Ask HN: If you were starting from scratch again, what language would you learn first? - vaksel

5-6 years ago, if you were just getting started, you only had a couple of choices, now there are dozens of choices. If you were starting from scratch again which language would you pick up first?
======
pavelludiq
Python! Instead they tried to teach me pascal! A language that simultaneously
sucks and isn't used that much! Good thing I forgot it all after I stopped
learning it. Well, okay, maybe it didn't suck, I can't remember, but I tend to
forget bad memories, so it probably did.

Then again, technically I didn't learn that much pascal anyway, so I don't
really count it as my first language(and there was logo before it, but I
learned even less of it).

------
cperciva
Assembly language.

I firmly believe that people will never use high-level languages well
until/unless they understand how those high-level languages translate into
machine code.

------
mechanical_fish
Scheme, because of this book:

<http://mitpress.mit.edu/sicp/>

Why argue with the MIT folks?

Followed immediately by: C, Javascript, and a scripting language (Ruby or
Python are good choices).

You've also got to work Java in there somewhere, just so you know where people
are coming from. It could come first, or last, depending on your tastes.

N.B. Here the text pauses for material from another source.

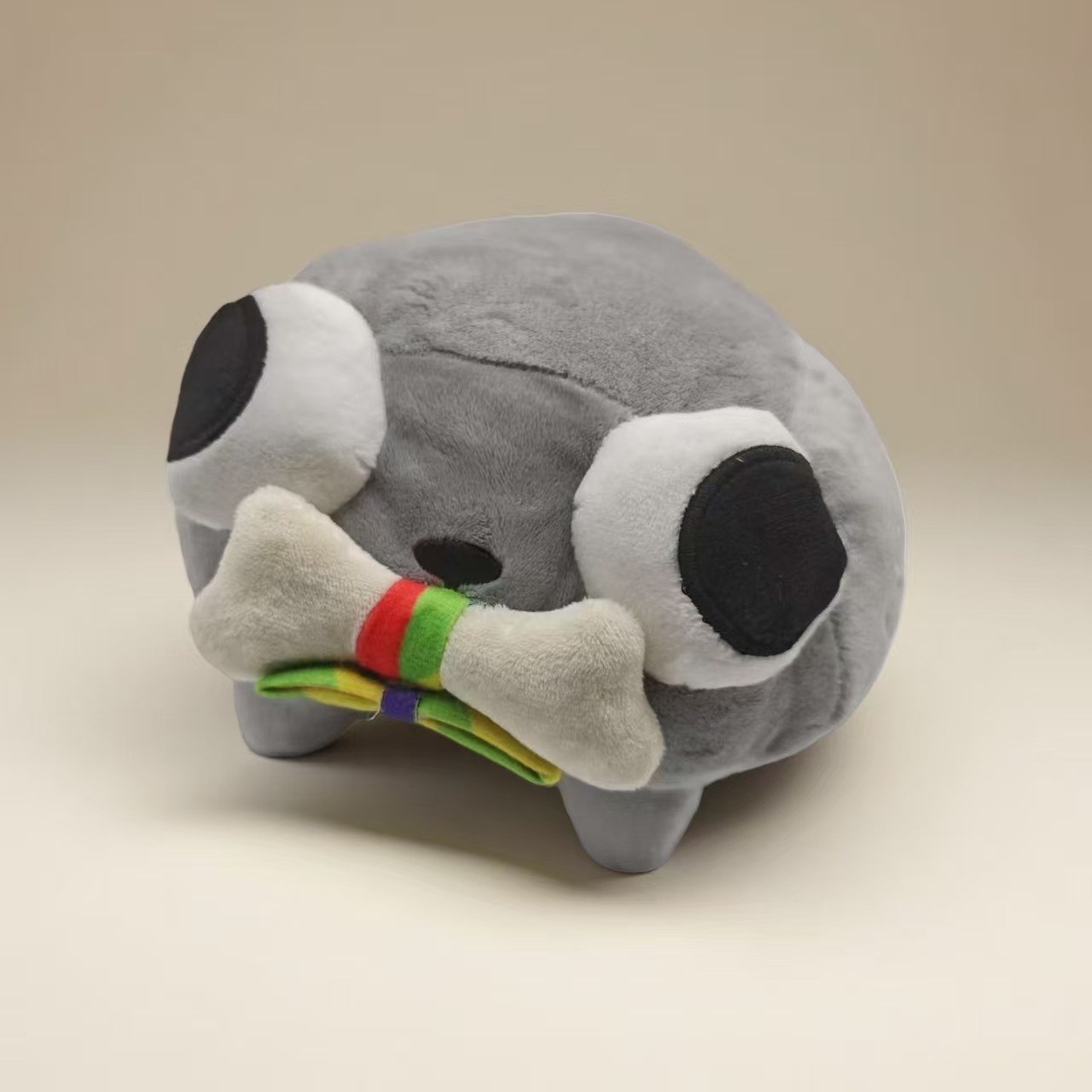 Magnetic grey bench with large eyes, 18cm in length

If you love Windows technologies you can probably substitute C# for one of
those things. Maybe even for several of them. I have never seen .NET but I
hear good things about it from those who have.

If you can't stand SICP, or can't follow it (perhaps because you are seven
years old?) then the initial choice is harder. Javascript is sitting on your
desk right now, so it's an obvious possibility. Try Ruby or Python. Or just
give in and learn PHP like everybody else seems to do. You'll run into
problems, but you can fix them later.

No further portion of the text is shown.